ANALYSIS | Delia’s second act: Reinvention or déjà vu?
I interviewed Adrian Delia as he vies for the Nationalist Party leadership. This is what I learnt about him.

It’s 2025, and watching Adrian Delia step forward once again in a Nationalist Party leadership contest feels almost surreal.
Some might call it perseverance, others would call it delusional.
Back in 2020, Delia lost the support of his parliamentary group, the party executive, and ultimately a leadership election to Bernard Grech. He was unceremoniously ousted from the PN’s top post. So, seeing him once again in the hot seat for a leadership race interview with MaltaToday, inevitably brings back memories of those hot, sticky summer evenings spent outside Dar Ċentrali, waiting endlessly for a half-comment from MPs.
But the key question is: Has Adrian Delia truly grown as a political figure, or is it simply that Bernard Grech’s failures now cast him in a more favourable light?
Pressed on how he intends to lead MPs, who once played a pivotal role in his downfall, Delia insists the hatchet has long been buried. In fact, he claims some were among the first to back his return. That makes for a tidy narrative during a leadership campaign, but one must ask whether Delia can genuinely unify the parliamentary group when faced with the relentless machine of the Labour Party.
Labour already has a well-worn playbook for taking on Delia—one that’s proved effective in the past. That’s where Alex Borg arguably holds an advantage. The Gozitan MP is younger, untested by Labour, and free from baggage.

Yet, in his attempts to showcase renewed unity, Delia risks alienating one of his staunchest allies—Alex Borg himself. As he did in other interviews, Delia told me without hesitation that an agreement between the two had been broken.
Nonetheless, I found Delia to be unrestrained in his praise for Borg and his potential, particularly as a Gozitan leader. But should Delia reclaim the party helm, he will need to tread carefully in deciding how to deploy one of the PN’s few bright stars in what is fast becoming an ever-dimming Nationalist sky.
His predecessor, it’s worth recalling, stumbled when faced with a similar dilemma in Roberta Metsola. Under mounting pressure, he eventually faced a barrage of questions over whether she would take his place.
On Metsola, Delia insists he does not see himself as a mere placeholder. “It’s not in my character,” he told me when I pressed on the matter. He added it would be wrong for anyone to enter the leadership race with such a mindset. But Delia’s biggest challenge in the short term lies in the PN’s sense of purpose.
For a leadership candidate to say that the party’s vision will be shaped after a “convention” is puzzling to me, especially given that we’re talking about a party with nearly a century of history and less than two years away from a general election.

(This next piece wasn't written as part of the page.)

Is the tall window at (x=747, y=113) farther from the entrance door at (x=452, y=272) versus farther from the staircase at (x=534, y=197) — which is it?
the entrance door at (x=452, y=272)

One would expect a prospective leader to come in with bold ideas, setting the agenda from the outset, rather than deferring direction to a drawn-out gathering of what could be the usual suspects.
It’s all well and good to talk about a “mosaic of people and ideologies”, but when it comes to taking clear, principled stances on ethical and controversial issues, the PN has often been inconsistent, and it has paid the price for it. This ambiguity contrasts with Delia’s clear and determined response when I asked him where he stood on euthanasia if government’s proposal is tabled as a bill—he will vote against.
Delia’s clarity will have to be reconciled with the PN’s ambiguity, which more often than not has played directly into Labour’s hands.
In the end, I feel Adrian Delia 2.0 is a more polished and composed version of his former self. But whether the skeletons in his closet have truly turned to dust, or whether his real problems are only just beginning, is a question that only his party, his MPs, and ultimately the electorate can answer.